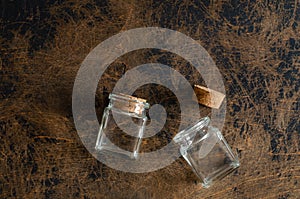 Little empty glass bottles with cork on abstract wooden background. Top view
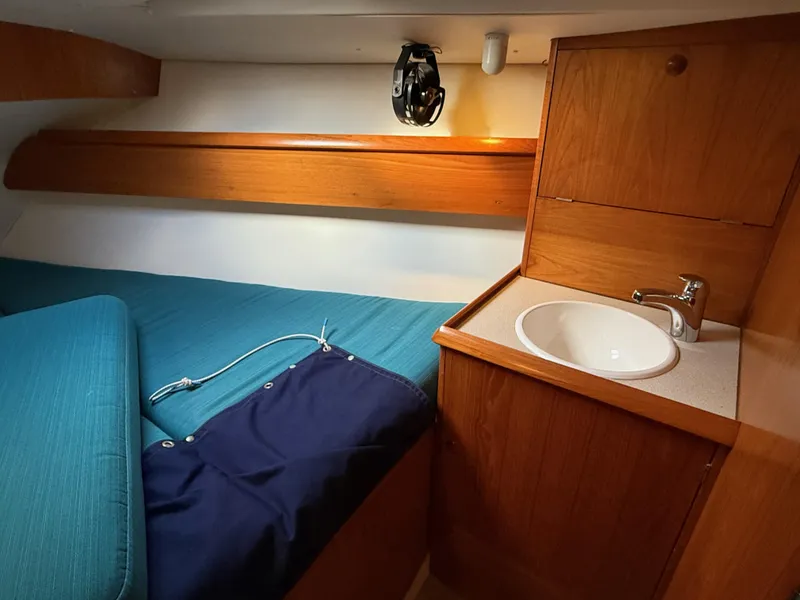 Slide: The Image of Cozy cabin interior of 1999 Jeanneau Sun Odyssey 36.2 with sink and wooden cabinetry. - 16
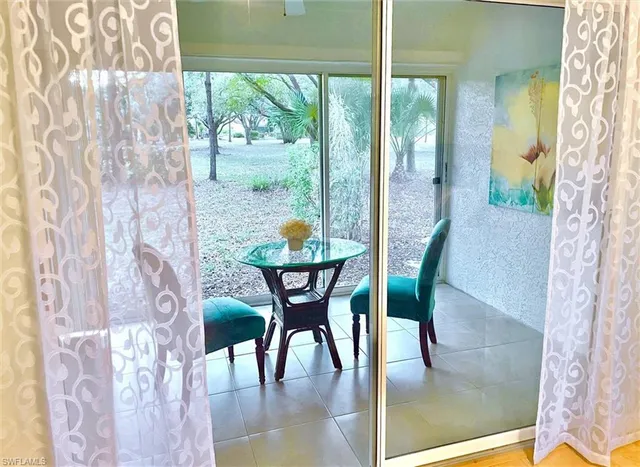 a view of a dining room with furniture a chandelier and wooden floor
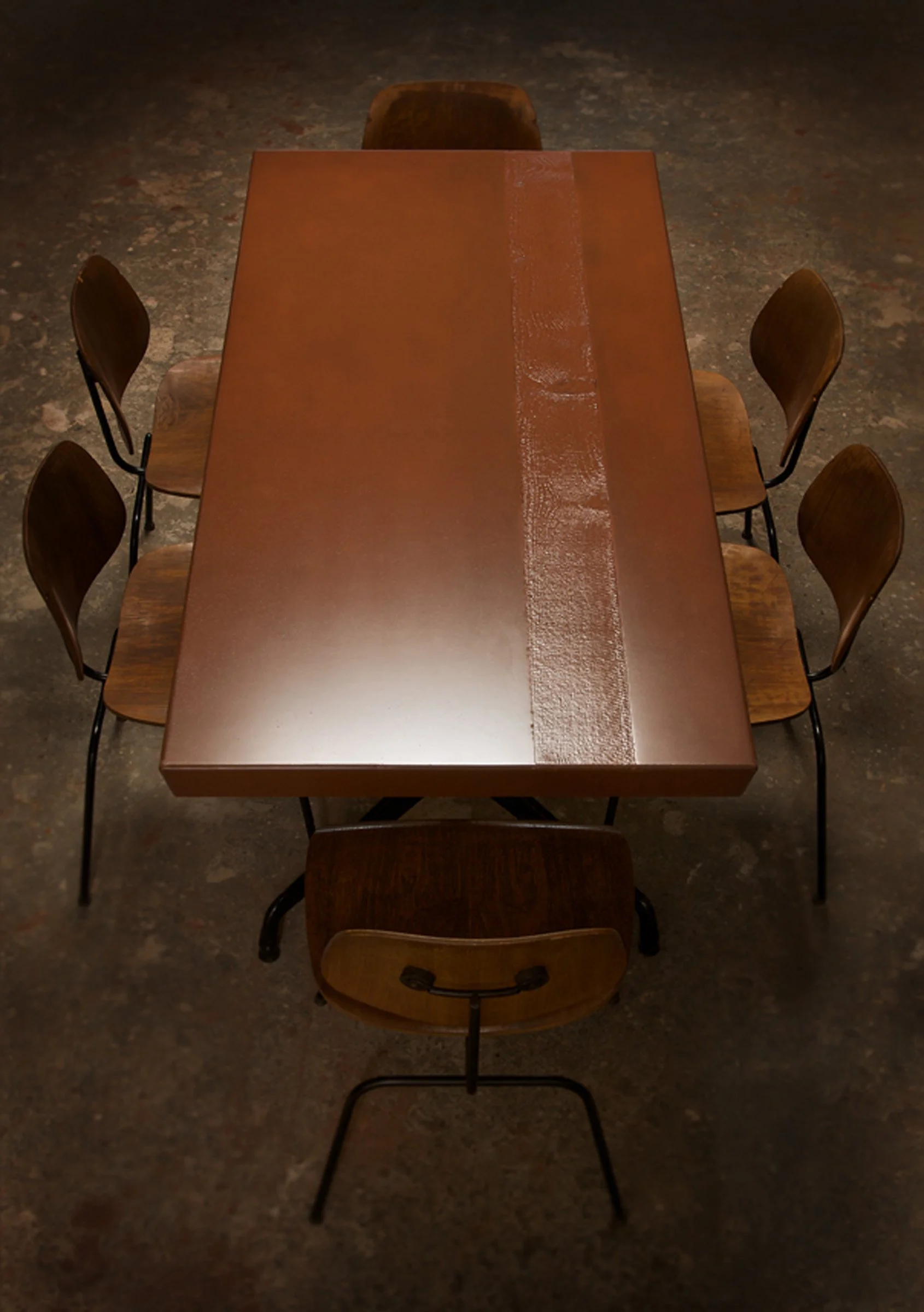 Handcrafted GFRC concrete dining table in Cherokee Red. Features custom edge profile, wood grain texture, and healthy, non-toxic sealer with Eames base pairing.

=== Task item ===
Every line from the one holding "a view of a" through the final line of the data above is to be reproduced exactly, both ends included, with the pictures left out.

=== Exercise response ===
 a view of a dining room with furniture a chandelier and wooden floor
 Handcrafted GFRC concrete dining table in Cherokee Red. Features custom edge profile, wood grain texture, and healthy, non-toxic sealer with Eames base pairing.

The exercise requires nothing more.